The Paria River - looks more like a muddy creek to me!

Interesting colors and swirls.

Different sandstone formations in White House Canyon- white rock instead of red.


Instead we opted for a drive down Cottonwood Road – a gravel road that winds through a portion of Grand Staircase Escalante National Monument. Riley got to ride in the air-conditioned car and we got to see some new country. We found a few boondocking spots, but nothing that would tempt us to leave the lake.

Mesa with badlands formations.

Grand Staircase Escalate has amazingly diverse geology.
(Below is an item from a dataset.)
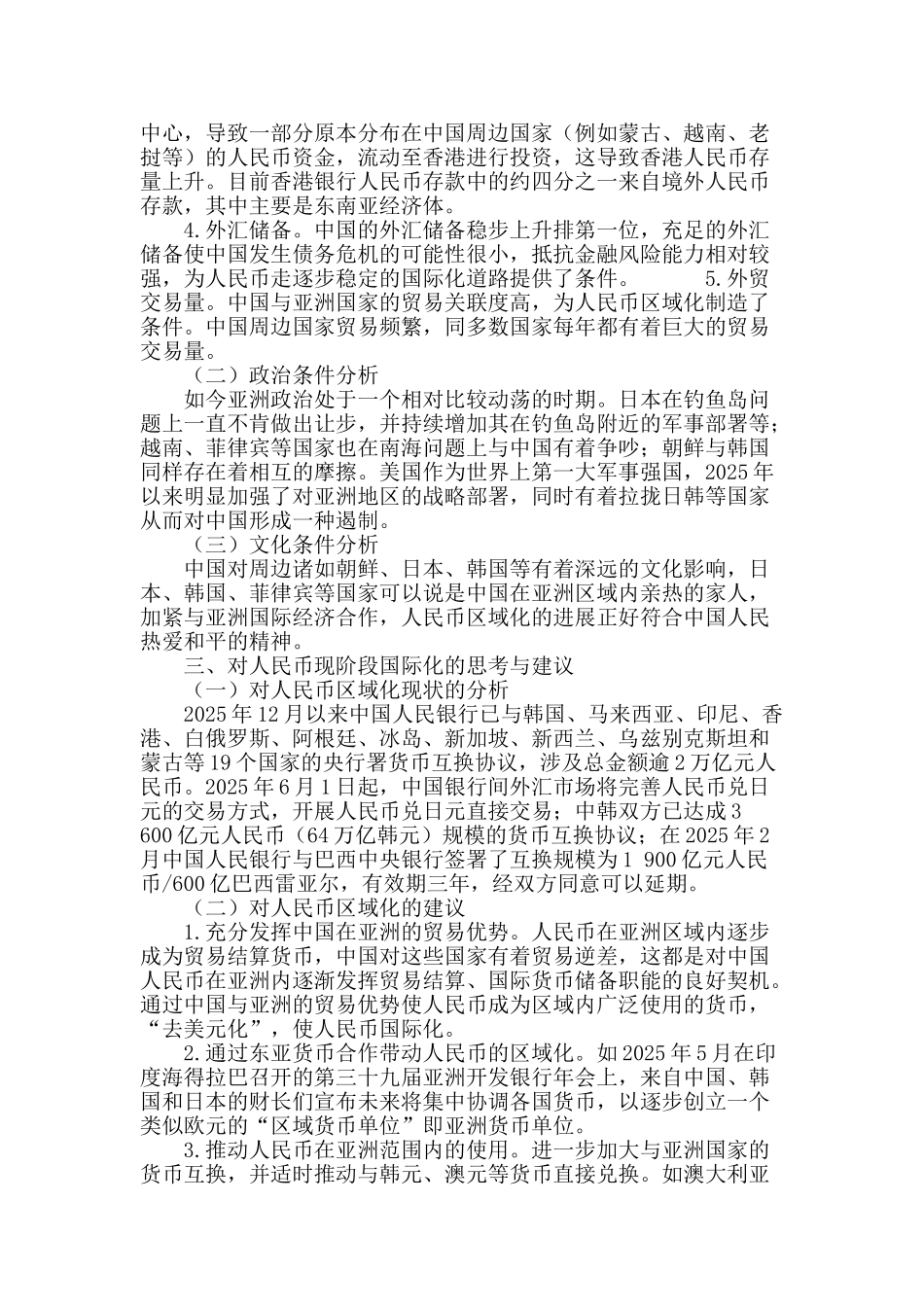 论现阶段人民币国际化路径选择_第3页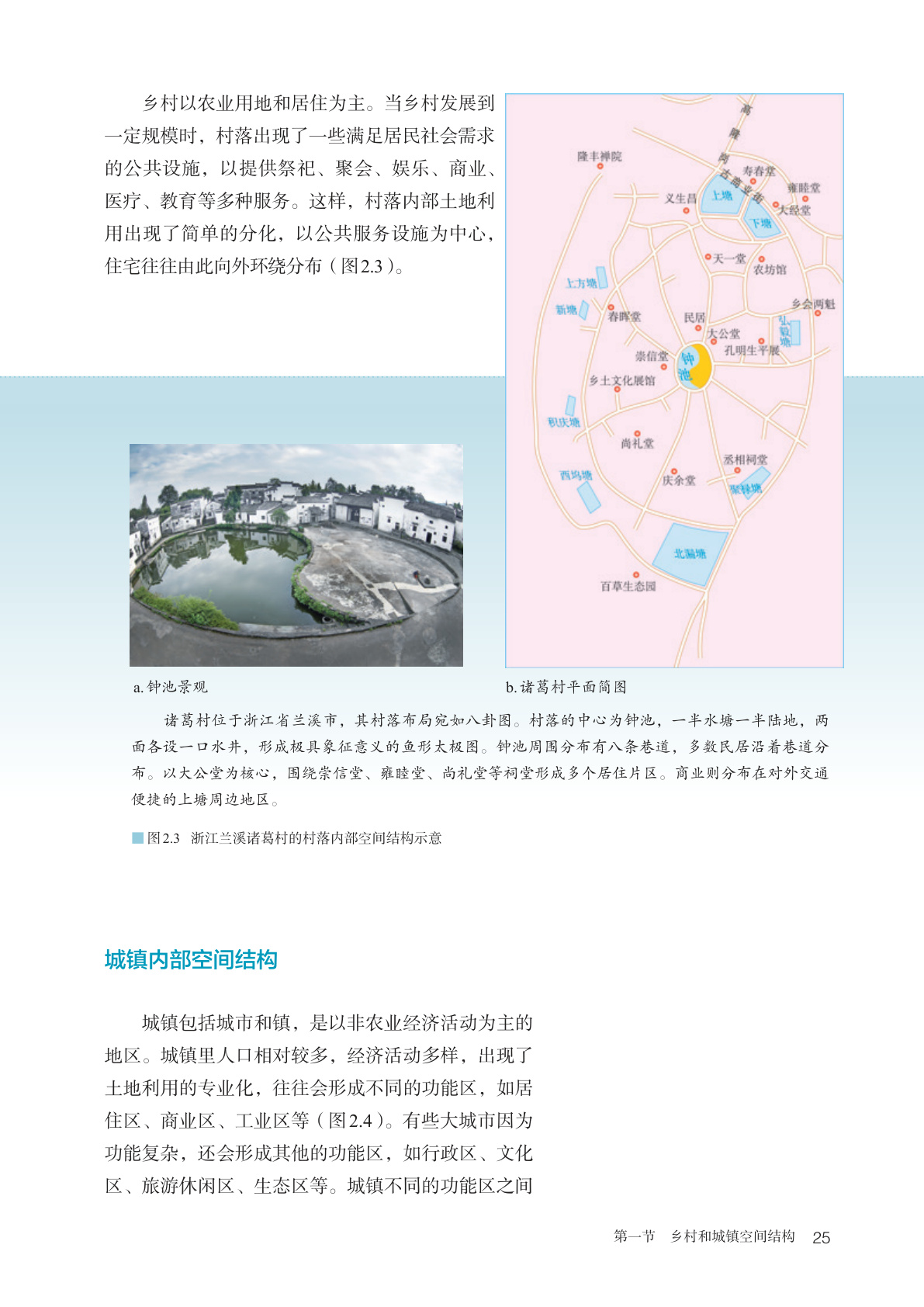 novel_58f9d462f302.jpg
It was getting past lunchtime, so we stopped under a huge old cottonwood to have a snack and stretch our legs. We’d noticed range cows in the area but didn’t give it a second thought. Apparently, lunch at the cottonwood was by invitation only and we were clearly not on the guest list. At first the white-faced cow just gave us the stink eye. Then he and his buddy started moving in our direction. No worries, I said, they don’t have horns. Ahem. No sooner had I said that than they were joined by their longhorn buddy. Really?  The three of them just kept getting closer. Then they’d stop and stare. Then walk a little closer. Riley was concentrating so hard on our lunch, he was totally oblivious. By then they were only about 30 feet away and still moving closer. Maybe they were just curious, but that was too much for me – all I could imagine was a combined half ton of angry cow charging. It probably didn’t help that we were having beef jerky for lunch. Lol. We tried honking the car horn to scare them off, but that only caught the attention of several more cows. Rog finally got them to back off by waving a blanket and shouting. That lunch spot won’t be getting a positive Yelp review. 😊

The gang is moving in. 

After lunch we headed back to the RV, only to find that we’d missed a pretty spectacular wind storm.  Ah, the winds…. let’s talk about those. This is a beach. There is sand. The wind blows the sand. The sand gets into EVERYTHING. Seriously. EVERY THING. Twice the wind has whipped so hard the sand infiltrated our closed windows. This time it tore our Magnashade sun screen off the windshield which is held in place by extremely strong rare earth magnets, it’s never even budged before! We had little drifts of sand inside the coach and it buried our patio mat. I spent a solid hour vacuuming, which had its own set of challenges. The air is so dry and full of static that I kept getting shocked when I ran the sweeper over the carpet. It was so bad I was convinced I had a short in the vacuum cleaner! Wow, who knew vacuuming should qualify for hazardous duty pay.

What a difference an hour can make when the wind kicks up!

Check out the tiny rocks suspended in midair after the winds scoured the beach.

Despite being accosted by cows and the crazy winds, we are loving the Lake Powell area. We decided to add a few more days to our stay and signed up for three tours – Lower Antelope Canyon, the half-day Glen Canyon Float, and a boat trip to Rainbow Bridge National Monument. More on those to come!